First, we are going to load the training and validation dataset and instantiate the SegmentationDataset objects (lines 25-34). These datasets can then be used in the DataLoader class provided by PyTorch to access the image samples (lines 36 & 37). We are instantiating the U-Net model we implemented in the previous post and transfer it into video memory via the .to("cuda") method (line 41). As an optimizer, we use Adam with a learning rate of 0.001 and use binary cross entropy with logits as the loss function (lines 42 & 43). We calculate the number of steps it takes to iterate over the whole training dataset and the validation dataset (lines 47 & 48). For this purpose, we are using the batch_size, i.e., the number of samples that are fed into the model at once, in this case 4 (line 10). The actual training loop comprises lines 55 to 108. Each iteration of this loop is called an “epoch”. The number of epochs is defined as 100 (line 12).
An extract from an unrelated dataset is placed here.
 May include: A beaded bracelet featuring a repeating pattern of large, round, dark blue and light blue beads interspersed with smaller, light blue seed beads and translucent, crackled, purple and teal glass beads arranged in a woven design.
The model is first set into training mode (line 56) to make sure that the weights are being adjusted. Then we are iterating over all the batches provided by the DataLoader for training (line 62). In this loop we first zero out any gradients that might have been previously generated (line 65). Then we access the SWISSIMAGE and corresponding lake mask groundtruth images and feed them into the model after transferring them to video memory (lines 68 & 69). The model will produce its own prediction based on the SWISSIMAGE sample and stores it in the variable lake_mask_predicted (line 69). The loss function then calculates the loss by comparing the predicted mask with the groundtruth mask (line 72). Based on this loss, first backpropagation is performed and then the weights are being adjusted (lines 75 & 76). Once the training loop is finalized, gradient calculation is being disabled (line 82) and the model is set to evaluation mode (line 83). Then, we iterate over all the samples in the validation dataset (line 86) and compare the predictions of the U-Net with the groundtruth (lines 90-92). Once this has been carried out, the average training and validation losses for this epoch are being calculated, stored and printed to the console (lines 96-108). Finally, once the iteration over all epochs completes, the trained model is saved to disk (line 112).

Conclusion

In this post, we have discussed how the samples can be split up into training, validation and testing datasets and how the training loop in PyTorch allows one to train the model based on the training dataset. The validation dataset serves as a performance indicator during the training procedure. In the next post, we are going to have a look at how the testing dataset can be used to calculate more meaningful performance metrics and how the model can be used in practice.